In Australia, Salzwedel was best-known for leading the Australian Institute of Sport (AIS) road program from its inception in 1991.

In 1996, the East German native founded Australia’s own UCI-registered road team: GIANT-AIS, which later became ZVVZ-GIANT-AIS.

Heiko Salzwedel with the GIANT-AIS team. (Photo: Sport Australia)Salzwedel took Aussie talent to the world stage through his GIANT-AIS team. (Photo: Sport Australia)

As the AIS head coach, Salzwedel created new pathways for domestic athletes to bridge the gap to the professional peloton.

Under his Canberra-based program, Australian cyclists such as Kathy Watt, Anna Wilson, Henk Vogels, Pat Jonker and Robbie McEwen broke through to international success.

Former cyclist Paul Brosnan — now the Australian Cycling Team’s Head of Operations — said Salzwedel “put Australian cycling on the map.”

“His ideas, and what he put in place within Australian cycling, he was completely passionate about it,” said Brosnan, who trained under Salzwedel in the mid-90s. “He had a real desire for Australian cycling to be prominent on the world stage.

“The fact that he effectively created the first Australian professional team, I think that was probably the biggest contribution in wanting to see Australian road cycling in Europe, performing on the world stage.

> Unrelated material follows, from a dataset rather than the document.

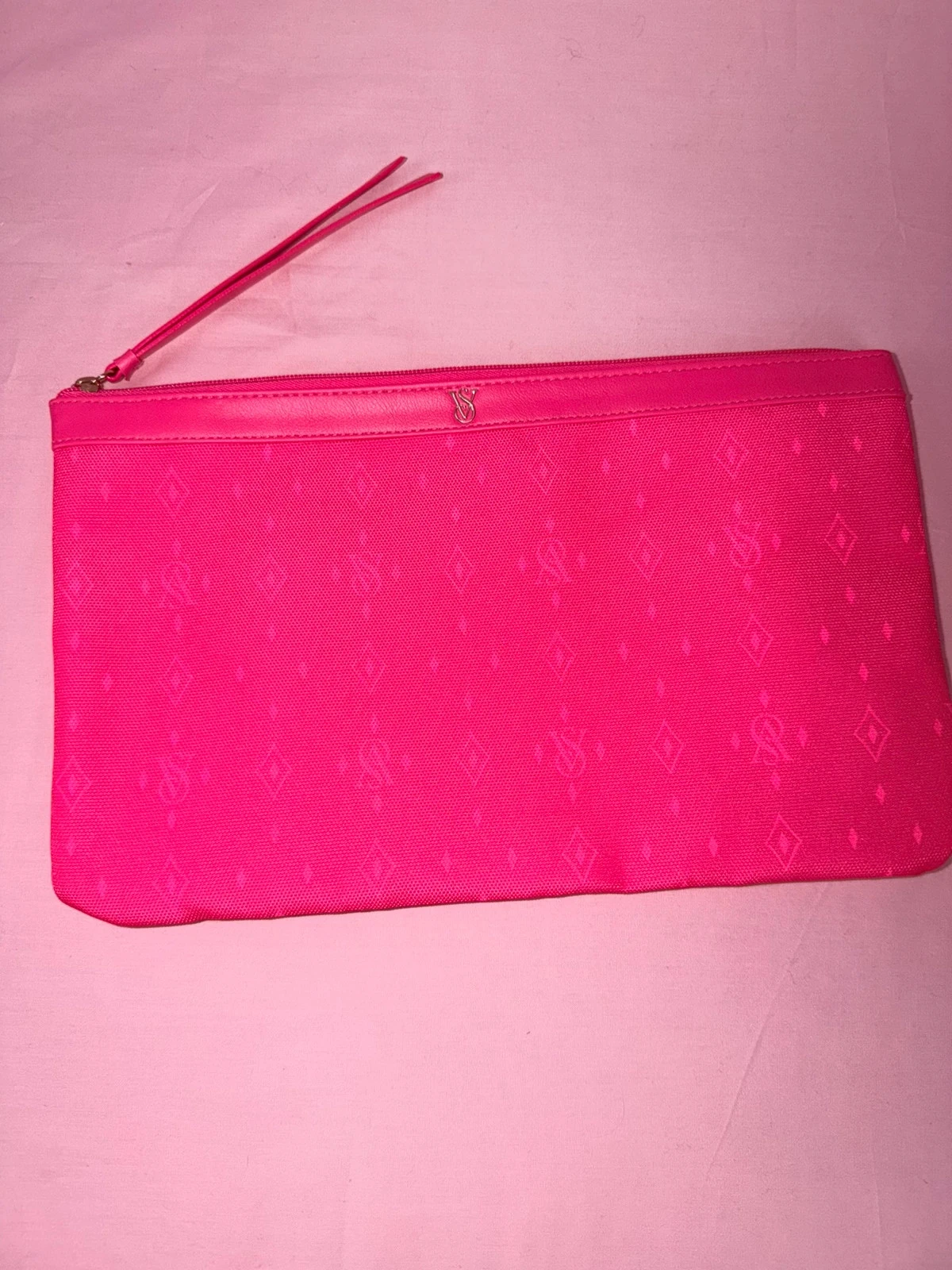 Pochette victoria Secret neuf jamais servi – photo 2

“You wouldn’t have to look far. There will be lots of former riders that will attribute their success or their pathway being forged due to Heiko’s vision and the support that he put in place.”

Heiko Salzwedel coaching with AIS. (Photo: Sport Australia)Salzwedel was head coach of the AIS road cycling program from 1991 to 1998. (Photo: Sport Australia)

Friends and former athletes of Salzwedel have paid tribute to his likable character and the far-reaching impact of his life.

“He was charismatic and colourful in a lot of ways. He was very East German but always wanted to be Australian,” Brosnan said. “He did genuinely care for those he coached.

“He was very much a likable character.

“He could be controversial and he could be pretty difficult at times, but it was always for his desire to be the world’s best, to lead and to be successful.”

As a mentor, Salzwedel shaped the careers of many cycling coaches who worked under him and came after him.

Like many, Graham Seers, AusCycling’s General Manager of Clubs for road, track and para-cycling, counted Salzwedel as a mentor and friend.

“He was a mate to many people. He’s just mentored so many people,” Seers said. “There’s nobody that I know that didn’t like him because he was just so passionate about bikes. Everything he did was just about helping people.

“He touched so many people’s lives,” Seers said.

After leaving the AIS program, Salzwedel shaped high-performance programs for the German, British and Danish cycling federations and founded Russia’s RusVelo professional team. He had a major influence on the careers of overseas riders such as Mark Cavendish, Brad Wiggins and Jens Voigt.

AusCycling extends its deepest condolences to the family and friends of Heiko Salzwedel.